Extracted data entries
************
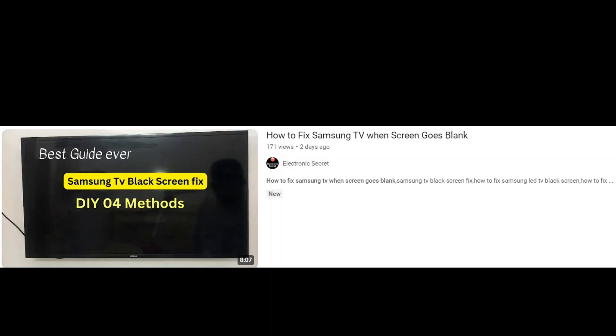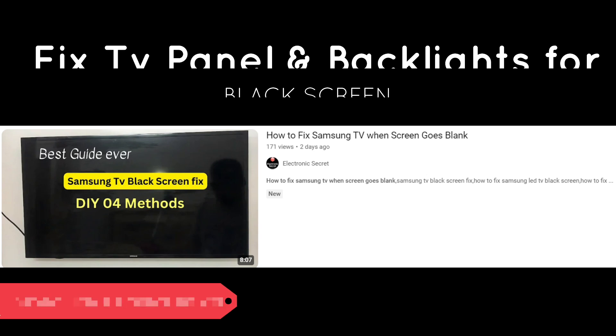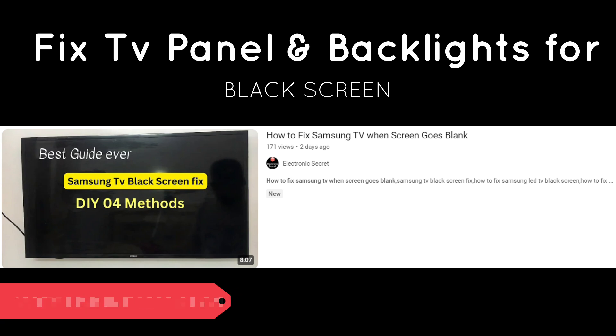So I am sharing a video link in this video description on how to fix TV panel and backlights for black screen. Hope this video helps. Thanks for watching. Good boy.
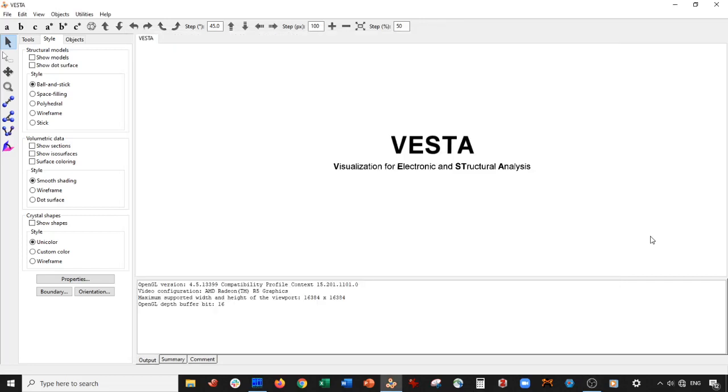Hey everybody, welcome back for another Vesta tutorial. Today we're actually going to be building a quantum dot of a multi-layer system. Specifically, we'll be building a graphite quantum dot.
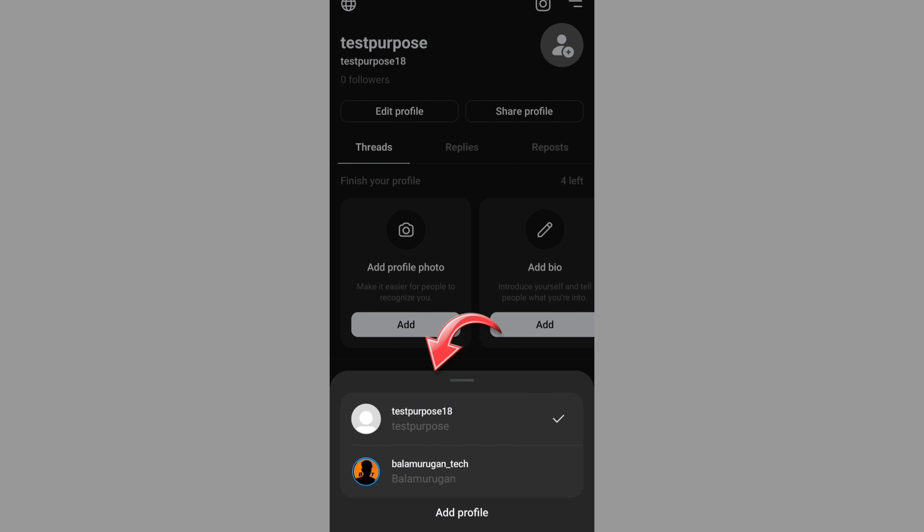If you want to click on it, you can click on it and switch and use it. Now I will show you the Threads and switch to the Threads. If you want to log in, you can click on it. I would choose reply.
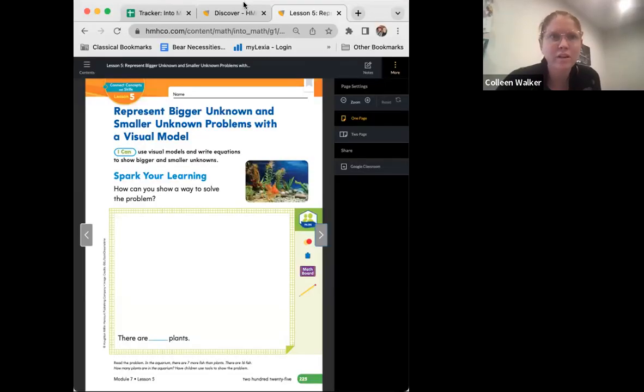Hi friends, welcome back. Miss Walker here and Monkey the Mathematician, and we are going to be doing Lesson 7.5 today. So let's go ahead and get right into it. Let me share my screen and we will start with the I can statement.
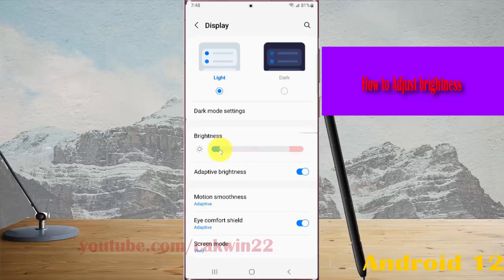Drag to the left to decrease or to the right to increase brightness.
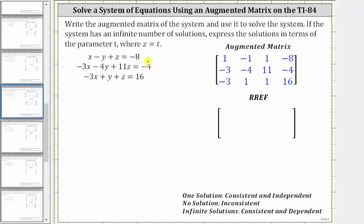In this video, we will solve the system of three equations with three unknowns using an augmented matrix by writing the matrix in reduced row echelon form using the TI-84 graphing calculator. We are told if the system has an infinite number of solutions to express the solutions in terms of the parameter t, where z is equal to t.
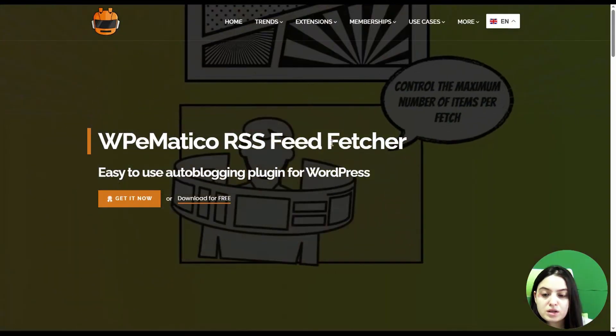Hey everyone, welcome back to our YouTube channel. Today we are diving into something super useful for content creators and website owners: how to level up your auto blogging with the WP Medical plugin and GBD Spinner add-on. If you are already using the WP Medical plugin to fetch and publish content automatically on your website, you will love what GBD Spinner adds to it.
************
Exercise instructions ▸ Write the records above out again exactly, but not the pictures.

Exercise solution ▸
So I am sharing a video link in this video description on how to fix TV panel and backlights for black screen. Hope this video helps. Thanks for watching. Good boy.
Hey everybody, welcome back for another Vesta tutorial. Today we're actually going to be building a quantum dot of a multi-layer system. Specifically, we'll be building a graphite quantum dot.
If you want to click on it, you can click on it and switch and use it. Now I will show you the Threads and switch to the Threads. If you want to log in, you can click on it. I would choose reply.
Hi friends, welcome back. Miss Walker here and Monkey the Mathematician, and we are going to be doing Lesson 7.5 today. So let's go ahead and get right into it. Let me share my screen and we will start with the I can statement.
Drag to the left to decrease or to the right to increase brightness.
In this video, we will solve the system of three equations with three unknowns using an augmented matrix by writing the matrix in reduced row echelon form using the TI-84 graphing calculator. We are told if the system has an infinite number of solutions to express the solutions in terms of the parameter t, where z is equal to t.
Hey everyone, welcome back to our YouTube channel. Today we are diving into something super useful for content creators and website owners: how to level up your auto blogging with the WP Medical plugin and GBD Spinner add-on. If you are already using the WP Medical plugin to fetch and publish content automatically on your website, you will love what GBD Spinner adds to it.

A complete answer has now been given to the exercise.